• [Aim of the task] Write the listing below out again exactly, though only as far as the line with "气质~巨好看真皮头层牛皮短靴女单靴裸靴尖头细高跟百搭杏色时尚", which is included.

Records for the exercise: Begin

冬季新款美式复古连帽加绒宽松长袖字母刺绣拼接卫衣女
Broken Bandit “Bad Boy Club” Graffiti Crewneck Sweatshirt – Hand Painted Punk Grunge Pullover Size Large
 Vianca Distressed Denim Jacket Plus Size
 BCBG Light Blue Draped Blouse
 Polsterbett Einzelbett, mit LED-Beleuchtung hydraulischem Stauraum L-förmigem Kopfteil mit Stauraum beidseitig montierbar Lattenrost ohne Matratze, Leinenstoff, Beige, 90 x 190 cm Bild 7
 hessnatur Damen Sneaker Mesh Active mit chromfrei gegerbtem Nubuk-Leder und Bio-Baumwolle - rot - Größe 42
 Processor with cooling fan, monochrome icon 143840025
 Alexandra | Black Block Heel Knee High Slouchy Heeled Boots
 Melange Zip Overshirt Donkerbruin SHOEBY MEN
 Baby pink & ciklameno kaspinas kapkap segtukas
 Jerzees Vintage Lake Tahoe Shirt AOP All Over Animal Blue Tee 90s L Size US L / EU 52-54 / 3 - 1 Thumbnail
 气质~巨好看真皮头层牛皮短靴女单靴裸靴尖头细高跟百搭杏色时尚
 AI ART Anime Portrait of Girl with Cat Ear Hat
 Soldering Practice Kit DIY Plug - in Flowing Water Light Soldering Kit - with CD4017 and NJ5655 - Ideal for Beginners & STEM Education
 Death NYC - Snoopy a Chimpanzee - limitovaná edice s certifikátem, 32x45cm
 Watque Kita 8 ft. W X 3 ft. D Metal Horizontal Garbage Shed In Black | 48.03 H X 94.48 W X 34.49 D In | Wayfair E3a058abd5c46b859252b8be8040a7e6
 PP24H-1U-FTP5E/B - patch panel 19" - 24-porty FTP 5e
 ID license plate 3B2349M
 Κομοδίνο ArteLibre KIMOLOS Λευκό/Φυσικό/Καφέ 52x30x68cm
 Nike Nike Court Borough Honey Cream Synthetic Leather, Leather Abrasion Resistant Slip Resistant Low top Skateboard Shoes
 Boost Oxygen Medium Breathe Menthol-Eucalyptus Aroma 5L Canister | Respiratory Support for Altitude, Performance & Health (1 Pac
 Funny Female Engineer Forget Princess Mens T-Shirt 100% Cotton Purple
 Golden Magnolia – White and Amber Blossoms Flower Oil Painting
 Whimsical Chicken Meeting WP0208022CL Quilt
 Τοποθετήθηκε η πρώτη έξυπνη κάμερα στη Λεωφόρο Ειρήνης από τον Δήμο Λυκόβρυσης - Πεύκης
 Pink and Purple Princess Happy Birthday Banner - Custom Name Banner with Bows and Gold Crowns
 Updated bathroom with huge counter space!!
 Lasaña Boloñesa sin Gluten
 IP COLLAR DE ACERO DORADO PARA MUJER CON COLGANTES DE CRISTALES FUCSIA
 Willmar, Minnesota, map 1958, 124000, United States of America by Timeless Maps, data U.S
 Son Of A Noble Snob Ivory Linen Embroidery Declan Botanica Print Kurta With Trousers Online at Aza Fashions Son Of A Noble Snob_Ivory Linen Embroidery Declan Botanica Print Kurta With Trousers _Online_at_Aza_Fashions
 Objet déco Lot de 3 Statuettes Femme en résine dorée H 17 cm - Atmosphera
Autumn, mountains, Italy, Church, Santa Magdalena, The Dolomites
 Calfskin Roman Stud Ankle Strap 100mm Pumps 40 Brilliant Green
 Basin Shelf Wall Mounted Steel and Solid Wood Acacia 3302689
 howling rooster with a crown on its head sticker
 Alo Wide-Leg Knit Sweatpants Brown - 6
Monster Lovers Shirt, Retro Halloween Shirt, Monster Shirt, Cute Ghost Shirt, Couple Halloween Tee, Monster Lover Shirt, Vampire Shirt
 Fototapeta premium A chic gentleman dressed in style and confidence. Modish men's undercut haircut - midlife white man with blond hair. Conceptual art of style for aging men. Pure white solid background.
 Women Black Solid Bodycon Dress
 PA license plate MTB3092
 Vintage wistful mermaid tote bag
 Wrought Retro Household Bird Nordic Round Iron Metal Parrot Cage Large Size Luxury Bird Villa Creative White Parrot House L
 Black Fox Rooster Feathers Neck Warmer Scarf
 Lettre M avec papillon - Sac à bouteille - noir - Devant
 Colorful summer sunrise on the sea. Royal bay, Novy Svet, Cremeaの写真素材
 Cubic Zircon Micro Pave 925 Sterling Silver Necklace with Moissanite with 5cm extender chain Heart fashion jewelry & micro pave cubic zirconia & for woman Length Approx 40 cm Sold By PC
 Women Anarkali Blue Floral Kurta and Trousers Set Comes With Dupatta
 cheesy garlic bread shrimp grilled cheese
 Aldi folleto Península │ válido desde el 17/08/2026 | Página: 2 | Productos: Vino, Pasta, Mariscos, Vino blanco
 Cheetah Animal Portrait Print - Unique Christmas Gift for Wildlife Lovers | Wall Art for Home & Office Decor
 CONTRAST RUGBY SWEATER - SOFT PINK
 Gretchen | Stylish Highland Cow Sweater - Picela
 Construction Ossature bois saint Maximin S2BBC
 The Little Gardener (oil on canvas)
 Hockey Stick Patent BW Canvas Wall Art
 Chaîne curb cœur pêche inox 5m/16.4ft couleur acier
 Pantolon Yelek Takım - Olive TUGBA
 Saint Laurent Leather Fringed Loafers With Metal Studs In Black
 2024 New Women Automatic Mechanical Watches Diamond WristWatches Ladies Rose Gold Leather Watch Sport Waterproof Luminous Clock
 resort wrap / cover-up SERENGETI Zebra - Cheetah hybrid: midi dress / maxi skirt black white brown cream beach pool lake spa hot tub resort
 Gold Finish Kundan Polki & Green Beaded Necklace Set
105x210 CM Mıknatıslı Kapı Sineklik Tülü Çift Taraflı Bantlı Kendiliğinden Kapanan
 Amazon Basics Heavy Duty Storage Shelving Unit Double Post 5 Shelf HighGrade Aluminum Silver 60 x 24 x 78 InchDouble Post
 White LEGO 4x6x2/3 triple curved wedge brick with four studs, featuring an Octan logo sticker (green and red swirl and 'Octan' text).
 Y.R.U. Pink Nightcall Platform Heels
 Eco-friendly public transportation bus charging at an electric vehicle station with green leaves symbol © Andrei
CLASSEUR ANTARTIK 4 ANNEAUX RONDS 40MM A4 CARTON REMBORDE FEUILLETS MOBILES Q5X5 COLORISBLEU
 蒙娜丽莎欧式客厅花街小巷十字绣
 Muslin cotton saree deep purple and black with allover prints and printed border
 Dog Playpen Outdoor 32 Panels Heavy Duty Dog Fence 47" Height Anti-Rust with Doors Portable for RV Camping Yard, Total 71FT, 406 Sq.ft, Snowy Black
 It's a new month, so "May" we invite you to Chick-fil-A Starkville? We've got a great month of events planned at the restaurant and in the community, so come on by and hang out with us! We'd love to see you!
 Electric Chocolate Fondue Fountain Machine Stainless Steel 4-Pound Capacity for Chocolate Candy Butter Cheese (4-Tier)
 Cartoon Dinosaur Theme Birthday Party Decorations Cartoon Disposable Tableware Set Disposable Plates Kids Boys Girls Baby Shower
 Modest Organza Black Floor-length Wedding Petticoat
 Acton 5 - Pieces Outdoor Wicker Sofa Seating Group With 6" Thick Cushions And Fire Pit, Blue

Records for the exercise: End

• [Response area]
冬季新款美式复古连帽加绒宽松长袖字母刺绣拼接卫衣女
Broken Bandit “Bad Boy Club” Graffiti Crewneck Sweatshirt – Hand Painted Punk Grunge Pullover Size Large
 Vianca Distressed Denim Jacket Plus Size
 BCBG Light Blue Draped Blouse
 Polsterbett Einzelbett, mit LED-Beleuchtung hydraulischem Stauraum L-förmigem Kopfteil mit Stauraum beidseitig montierbar Lattenrost ohne Matratze, Leinenstoff, Beige, 90 x 190 cm Bild 7
 hessnatur Damen Sneaker Mesh Active mit chromfrei gegerbtem Nubuk-Leder und Bio-Baumwolle - rot - Größe 42
 Processor with cooling fan, monochrome icon 143840025
 Alexandra | Black Block Heel Knee High Slouchy Heeled Boots
 Melange Zip Overshirt Donkerbruin SHOEBY MEN
 Baby pink & ciklameno kaspinas kapkap segtukas
 Jerzees Vintage Lake Tahoe Shirt AOP All Over Animal Blue Tee 90s L Size US L / EU 52-54 / 3 - 1 Thumbnail
 气质~巨好看真皮头层牛皮短靴女单靴裸靴尖头细高跟百搭杏色时尚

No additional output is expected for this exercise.